The majority of manuscripts were published in the journal Gastroenterology, followed by Annals of Surgery and Gut. Most manuscripts were published in journals in the field of gastroenterology (56 articles), as opposed to manuscripts published in surgery journals (21) and general and internal medicine journals (12). Accordingly, the majority of the manuscripts with the highest number of citations or the highest citation rate were published in gastroenterology journals (Tables 1,3).
Out of the 367 authors, 12 had more than 1,000 citations and only 4 had more than 2,000 citations. The most cited author was Peter Kahrilas from Northwestern University, followed by Joel Richter from the University of South Florida. The third and fourth most cited authors were Donald Castell from the Medical University of South Carolina and John Pandolfino from Northwestern University. These four authors were also the most published ones in terms of publication volume. Kahrilas and Richter authored 14 manuscripts each, whereas Castell and Pandolfino authored 10 manuscripts each.

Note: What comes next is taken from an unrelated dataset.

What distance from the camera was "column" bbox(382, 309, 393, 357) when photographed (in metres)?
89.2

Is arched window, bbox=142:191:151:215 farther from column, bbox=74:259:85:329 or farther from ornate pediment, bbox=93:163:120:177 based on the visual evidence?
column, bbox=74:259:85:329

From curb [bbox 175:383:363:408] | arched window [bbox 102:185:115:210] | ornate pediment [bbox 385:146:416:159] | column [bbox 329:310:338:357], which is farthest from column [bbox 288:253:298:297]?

The main limitation of this study is that some types of bias might have impacted the results. Self-citation, powerful person bias, institutional bias or geographical bias may have caused disproportionate number of citations. Language bias may also be present, mainly because the search was limited to manuscripts only in the English language. Another issue that has to be taken into consideration is the possibility of historical bias; older publications often have a higher number of citations because they accumulated citations over many years, regardless of their scientific impact. We tried to address this issue by calculating the citation rate of the articles, in addition to their citation number. Nevertheless, the scientific impact of an article may be underestimated or overestimated with this study format. On the one hand, articles need a certain lead-time to start receiving citations. On the other hand, the likelihood of receiving citations rises with the increasing numbers of articles being published in peer-reviewed journals.

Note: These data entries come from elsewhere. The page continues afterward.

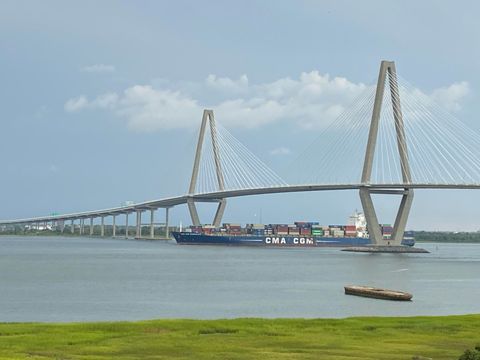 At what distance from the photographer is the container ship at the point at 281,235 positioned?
108938mm

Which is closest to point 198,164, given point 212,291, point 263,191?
point 263,191

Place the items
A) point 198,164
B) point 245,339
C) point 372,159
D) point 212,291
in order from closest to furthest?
point 245,339 < point 212,291 < point 372,159 < point 198,164

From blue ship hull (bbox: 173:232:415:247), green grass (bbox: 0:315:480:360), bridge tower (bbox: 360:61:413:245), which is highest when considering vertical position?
bridge tower (bbox: 360:61:413:245)

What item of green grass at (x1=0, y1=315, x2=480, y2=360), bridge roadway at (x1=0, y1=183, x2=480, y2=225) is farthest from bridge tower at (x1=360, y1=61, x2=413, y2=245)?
green grass at (x1=0, y1=315, x2=480, y2=360)

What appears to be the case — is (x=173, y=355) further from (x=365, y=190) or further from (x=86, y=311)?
(x=365, y=190)

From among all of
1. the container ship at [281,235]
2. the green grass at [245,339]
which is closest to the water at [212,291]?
the green grass at [245,339]

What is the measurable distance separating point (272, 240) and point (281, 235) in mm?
1437

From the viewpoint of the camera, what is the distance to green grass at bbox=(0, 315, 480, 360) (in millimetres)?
15609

This citation analysis is the first to examine the most cited papers on the disorders of esophageal motility and can serve as a reference on the manuscripts, authors, and institutions that defined our understanding of the subject. Researchers and clinicians can also use this analysis to examine what are the key characteristics of citable articles. Finally, by studying the most impactful papers, researchers can determine the future directions in the research on esophageal motility disorders.
Conflicts of Interest: The authors have no conflicts of interest to declare.
Ethical Statement: The authors are accountable for all aspects of the work in ensuring that questions related to the accuracy or integrity of any part of the work are appropriately investigated and resolved.